§ **Description of the task**: Transcribe the material from its first line onward, ending with the line that contains "Replica Christian Dior" and adding nothing beyond it.

§ **Data shown**:
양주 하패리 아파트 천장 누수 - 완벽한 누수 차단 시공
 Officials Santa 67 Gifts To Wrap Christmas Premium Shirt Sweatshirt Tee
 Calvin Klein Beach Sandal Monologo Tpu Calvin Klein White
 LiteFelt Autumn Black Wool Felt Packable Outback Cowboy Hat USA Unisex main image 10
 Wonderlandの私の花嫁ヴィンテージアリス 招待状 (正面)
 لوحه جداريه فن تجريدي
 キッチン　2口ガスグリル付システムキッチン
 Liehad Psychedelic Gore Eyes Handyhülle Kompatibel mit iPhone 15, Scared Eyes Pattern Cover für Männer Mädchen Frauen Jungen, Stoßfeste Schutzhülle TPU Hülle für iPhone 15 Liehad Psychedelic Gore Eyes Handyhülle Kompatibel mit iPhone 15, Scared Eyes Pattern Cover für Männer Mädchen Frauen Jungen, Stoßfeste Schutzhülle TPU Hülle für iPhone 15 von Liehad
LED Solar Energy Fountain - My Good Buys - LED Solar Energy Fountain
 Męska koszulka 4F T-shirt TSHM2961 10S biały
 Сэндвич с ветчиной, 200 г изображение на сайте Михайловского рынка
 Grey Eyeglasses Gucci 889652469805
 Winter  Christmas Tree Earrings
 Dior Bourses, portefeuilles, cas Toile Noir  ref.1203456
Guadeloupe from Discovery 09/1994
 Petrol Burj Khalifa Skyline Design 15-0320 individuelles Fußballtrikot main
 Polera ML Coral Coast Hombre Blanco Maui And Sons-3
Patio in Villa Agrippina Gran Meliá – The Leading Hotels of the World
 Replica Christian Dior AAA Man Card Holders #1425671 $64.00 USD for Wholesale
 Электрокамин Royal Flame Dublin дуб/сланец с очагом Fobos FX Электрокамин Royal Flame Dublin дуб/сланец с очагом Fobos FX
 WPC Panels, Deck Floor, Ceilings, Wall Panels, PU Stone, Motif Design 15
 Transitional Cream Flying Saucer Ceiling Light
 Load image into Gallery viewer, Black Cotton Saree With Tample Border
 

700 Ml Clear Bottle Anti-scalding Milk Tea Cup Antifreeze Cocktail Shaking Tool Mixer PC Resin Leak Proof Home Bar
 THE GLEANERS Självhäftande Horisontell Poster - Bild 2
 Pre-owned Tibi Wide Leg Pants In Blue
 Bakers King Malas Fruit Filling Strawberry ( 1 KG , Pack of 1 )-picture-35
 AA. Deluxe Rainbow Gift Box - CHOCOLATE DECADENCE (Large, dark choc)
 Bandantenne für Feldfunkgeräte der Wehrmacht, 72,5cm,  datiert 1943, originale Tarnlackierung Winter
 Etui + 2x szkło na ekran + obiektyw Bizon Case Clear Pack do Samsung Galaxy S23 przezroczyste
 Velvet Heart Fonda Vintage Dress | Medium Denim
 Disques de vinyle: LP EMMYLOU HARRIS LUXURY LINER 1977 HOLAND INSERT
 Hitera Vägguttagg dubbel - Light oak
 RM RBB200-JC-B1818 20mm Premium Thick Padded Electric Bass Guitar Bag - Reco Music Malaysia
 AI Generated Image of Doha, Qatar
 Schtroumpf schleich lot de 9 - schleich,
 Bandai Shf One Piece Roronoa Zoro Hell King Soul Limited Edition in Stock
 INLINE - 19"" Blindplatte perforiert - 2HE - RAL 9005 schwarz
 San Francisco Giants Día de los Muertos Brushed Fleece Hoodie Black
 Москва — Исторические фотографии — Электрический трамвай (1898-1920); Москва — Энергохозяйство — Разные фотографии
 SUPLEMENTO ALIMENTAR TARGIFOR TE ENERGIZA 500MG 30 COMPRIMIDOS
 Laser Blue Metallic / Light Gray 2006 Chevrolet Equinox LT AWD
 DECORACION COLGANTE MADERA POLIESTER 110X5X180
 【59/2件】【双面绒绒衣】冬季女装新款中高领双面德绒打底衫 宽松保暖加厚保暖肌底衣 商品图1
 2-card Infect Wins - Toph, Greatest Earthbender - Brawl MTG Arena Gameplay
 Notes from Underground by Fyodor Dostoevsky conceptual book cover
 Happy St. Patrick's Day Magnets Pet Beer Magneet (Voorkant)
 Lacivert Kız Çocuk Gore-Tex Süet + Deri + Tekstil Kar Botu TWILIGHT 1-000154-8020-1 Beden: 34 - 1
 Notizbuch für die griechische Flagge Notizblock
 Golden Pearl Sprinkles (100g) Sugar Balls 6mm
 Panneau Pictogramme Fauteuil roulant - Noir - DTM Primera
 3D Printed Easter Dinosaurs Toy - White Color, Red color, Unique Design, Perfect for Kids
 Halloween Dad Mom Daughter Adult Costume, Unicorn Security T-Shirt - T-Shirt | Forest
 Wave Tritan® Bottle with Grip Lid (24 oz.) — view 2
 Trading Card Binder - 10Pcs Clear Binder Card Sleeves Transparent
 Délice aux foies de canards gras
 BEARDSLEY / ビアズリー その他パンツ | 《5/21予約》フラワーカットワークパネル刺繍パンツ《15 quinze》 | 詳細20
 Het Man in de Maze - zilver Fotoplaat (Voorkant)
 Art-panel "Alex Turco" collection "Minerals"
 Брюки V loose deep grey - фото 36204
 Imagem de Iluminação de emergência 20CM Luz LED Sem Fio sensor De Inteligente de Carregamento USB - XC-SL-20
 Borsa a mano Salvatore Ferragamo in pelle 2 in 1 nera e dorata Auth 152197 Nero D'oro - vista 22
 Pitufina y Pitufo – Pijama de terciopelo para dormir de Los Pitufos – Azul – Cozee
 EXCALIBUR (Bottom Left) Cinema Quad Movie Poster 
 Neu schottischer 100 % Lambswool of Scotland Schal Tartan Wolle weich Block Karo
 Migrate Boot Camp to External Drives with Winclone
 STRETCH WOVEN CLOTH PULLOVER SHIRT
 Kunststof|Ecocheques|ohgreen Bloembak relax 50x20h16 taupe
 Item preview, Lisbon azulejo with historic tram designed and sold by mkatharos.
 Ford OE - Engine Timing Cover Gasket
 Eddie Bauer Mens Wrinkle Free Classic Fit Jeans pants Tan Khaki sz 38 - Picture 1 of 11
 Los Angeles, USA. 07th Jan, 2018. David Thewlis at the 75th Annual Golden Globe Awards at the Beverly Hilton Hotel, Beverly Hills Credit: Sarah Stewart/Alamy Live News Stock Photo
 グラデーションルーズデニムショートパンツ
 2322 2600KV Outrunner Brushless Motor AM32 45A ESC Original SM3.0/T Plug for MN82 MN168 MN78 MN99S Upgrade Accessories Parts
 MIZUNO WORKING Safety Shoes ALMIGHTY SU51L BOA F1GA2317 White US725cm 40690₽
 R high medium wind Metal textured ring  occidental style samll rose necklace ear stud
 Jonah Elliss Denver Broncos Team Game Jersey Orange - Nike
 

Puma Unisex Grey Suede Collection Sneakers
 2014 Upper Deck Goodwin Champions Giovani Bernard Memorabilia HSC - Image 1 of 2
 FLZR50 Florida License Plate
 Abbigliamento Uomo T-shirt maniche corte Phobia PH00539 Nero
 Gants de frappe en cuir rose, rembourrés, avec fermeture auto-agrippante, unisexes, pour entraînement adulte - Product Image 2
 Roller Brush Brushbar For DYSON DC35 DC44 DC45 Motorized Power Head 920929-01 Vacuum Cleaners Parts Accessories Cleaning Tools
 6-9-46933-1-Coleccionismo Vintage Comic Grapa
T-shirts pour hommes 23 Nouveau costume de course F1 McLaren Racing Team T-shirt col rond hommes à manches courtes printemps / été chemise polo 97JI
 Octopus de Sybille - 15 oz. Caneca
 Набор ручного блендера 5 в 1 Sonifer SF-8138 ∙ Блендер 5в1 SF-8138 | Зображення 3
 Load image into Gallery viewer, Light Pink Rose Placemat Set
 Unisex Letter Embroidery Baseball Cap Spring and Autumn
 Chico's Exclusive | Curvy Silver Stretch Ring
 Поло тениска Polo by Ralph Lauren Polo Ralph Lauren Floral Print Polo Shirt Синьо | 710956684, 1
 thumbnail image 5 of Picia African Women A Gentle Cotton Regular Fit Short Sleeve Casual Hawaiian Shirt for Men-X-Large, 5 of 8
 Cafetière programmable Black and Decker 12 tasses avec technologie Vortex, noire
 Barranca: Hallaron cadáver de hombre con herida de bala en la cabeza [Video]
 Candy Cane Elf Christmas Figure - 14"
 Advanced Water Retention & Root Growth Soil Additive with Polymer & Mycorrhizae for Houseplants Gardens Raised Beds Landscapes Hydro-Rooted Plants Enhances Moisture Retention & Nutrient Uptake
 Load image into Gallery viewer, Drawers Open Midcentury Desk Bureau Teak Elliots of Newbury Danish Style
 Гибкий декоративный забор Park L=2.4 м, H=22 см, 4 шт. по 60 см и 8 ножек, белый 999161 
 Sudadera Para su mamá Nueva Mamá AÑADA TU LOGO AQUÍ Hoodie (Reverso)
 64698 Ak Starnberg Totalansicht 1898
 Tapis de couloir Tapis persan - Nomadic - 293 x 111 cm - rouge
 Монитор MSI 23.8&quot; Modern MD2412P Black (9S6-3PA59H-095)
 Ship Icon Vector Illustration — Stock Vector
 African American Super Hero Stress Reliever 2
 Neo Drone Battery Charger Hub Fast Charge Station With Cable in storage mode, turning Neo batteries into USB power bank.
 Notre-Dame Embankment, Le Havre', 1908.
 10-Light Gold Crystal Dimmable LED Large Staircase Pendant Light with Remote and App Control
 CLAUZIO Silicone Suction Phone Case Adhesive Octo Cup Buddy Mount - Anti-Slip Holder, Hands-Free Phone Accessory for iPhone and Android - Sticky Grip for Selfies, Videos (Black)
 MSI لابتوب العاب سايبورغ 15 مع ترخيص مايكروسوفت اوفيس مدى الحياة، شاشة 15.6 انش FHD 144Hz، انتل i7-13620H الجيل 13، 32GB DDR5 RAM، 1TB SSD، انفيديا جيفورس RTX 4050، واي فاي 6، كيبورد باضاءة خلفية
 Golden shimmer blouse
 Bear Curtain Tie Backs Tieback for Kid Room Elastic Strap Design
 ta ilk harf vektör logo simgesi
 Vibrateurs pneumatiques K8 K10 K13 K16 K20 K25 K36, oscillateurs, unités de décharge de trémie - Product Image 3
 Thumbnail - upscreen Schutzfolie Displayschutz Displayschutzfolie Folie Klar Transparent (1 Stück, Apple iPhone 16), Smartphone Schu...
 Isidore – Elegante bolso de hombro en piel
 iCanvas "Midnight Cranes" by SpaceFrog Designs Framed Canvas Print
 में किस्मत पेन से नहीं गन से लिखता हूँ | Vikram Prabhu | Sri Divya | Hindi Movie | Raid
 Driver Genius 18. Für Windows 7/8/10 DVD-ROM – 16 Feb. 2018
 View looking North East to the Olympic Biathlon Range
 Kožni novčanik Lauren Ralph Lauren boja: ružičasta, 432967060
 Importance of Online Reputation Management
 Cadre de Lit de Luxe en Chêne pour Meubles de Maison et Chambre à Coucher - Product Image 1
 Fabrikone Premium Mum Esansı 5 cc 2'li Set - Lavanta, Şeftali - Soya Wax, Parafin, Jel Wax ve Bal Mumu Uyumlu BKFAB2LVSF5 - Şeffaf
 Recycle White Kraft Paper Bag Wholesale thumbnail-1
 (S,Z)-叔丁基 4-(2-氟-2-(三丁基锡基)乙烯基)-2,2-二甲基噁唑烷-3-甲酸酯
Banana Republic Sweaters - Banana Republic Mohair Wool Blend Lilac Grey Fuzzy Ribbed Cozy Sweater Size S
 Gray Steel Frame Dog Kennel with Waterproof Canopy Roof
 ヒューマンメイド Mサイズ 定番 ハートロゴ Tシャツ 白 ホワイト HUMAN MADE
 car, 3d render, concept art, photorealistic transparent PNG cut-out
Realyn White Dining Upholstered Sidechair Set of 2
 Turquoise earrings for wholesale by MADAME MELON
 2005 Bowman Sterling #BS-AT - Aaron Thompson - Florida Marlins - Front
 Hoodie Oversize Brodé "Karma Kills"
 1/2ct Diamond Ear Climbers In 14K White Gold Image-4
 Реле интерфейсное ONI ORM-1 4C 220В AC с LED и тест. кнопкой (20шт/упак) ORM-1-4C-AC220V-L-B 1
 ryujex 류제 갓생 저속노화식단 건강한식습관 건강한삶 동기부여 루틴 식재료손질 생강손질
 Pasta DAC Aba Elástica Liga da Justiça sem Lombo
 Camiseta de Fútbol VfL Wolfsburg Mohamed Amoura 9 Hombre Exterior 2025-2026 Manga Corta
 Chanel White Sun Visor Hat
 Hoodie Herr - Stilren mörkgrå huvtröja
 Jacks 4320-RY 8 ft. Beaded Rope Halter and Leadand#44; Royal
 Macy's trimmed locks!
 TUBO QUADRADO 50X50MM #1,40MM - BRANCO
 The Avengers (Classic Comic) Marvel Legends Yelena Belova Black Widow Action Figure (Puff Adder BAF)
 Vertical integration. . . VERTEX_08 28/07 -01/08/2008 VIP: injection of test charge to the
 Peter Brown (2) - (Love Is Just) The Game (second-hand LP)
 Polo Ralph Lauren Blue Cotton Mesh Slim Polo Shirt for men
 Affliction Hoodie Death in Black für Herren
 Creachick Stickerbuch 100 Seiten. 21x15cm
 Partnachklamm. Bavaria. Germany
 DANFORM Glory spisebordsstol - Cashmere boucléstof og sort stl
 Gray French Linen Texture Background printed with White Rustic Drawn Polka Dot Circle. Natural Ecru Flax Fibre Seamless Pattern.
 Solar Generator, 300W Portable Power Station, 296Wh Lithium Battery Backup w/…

§ **Your solution**:
양주 하패리 아파트 천장 누수 - 완벽한 누수 차단 시공
 Officials Santa 67 Gifts To Wrap Christmas Premium Shirt Sweatshirt Tee
 Calvin Klein Beach Sandal Monologo Tpu Calvin Klein White
 LiteFelt Autumn Black Wool Felt Packable Outback Cowboy Hat USA Unisex main image 10
 Wonderlandの私の花嫁ヴィンテージアリス 招待状 (正面)
 لوحه جداريه فن تجريدي
 キッチン　2口ガスグリル付システムキッチン
 Liehad Psychedelic Gore Eyes Handyhülle Kompatibel mit iPhone 15, Scared Eyes Pattern Cover für Männer Mädchen Frauen Jungen, Stoßfeste Schutzhülle TPU Hülle für iPhone 15 Liehad Psychedelic Gore Eyes Handyhülle Kompatibel mit iPhone 15, Scared Eyes Pattern Cover für Männer Mädchen Frauen Jungen, Stoßfeste Schutzhülle TPU Hülle für iPhone 15 von Liehad
LED Solar Energy Fountain - My Good Buys - LED Solar Energy Fountain
 Męska koszulka 4F T-shirt TSHM2961 10S biały
 Сэндвич с ветчиной, 200 г изображение на сайте Михайловского рынка
 Grey Eyeglasses Gucci 889652469805
 Winter  Christmas Tree Earrings
 Dior Bourses, portefeuilles, cas Toile Noir  ref.1203456
Guadeloupe from Discovery 09/1994
 Petrol Burj Khalifa Skyline Design 15-0320 individuelles Fußballtrikot main
 Polera ML Coral Coast Hombre Blanco Maui And Sons-3
Patio in Villa Agrippina Gran Meliá – The Leading Hotels of the World
 Replica Christian Dior AAA Man Card Holders #1425671 $64.00 USD for Wholesale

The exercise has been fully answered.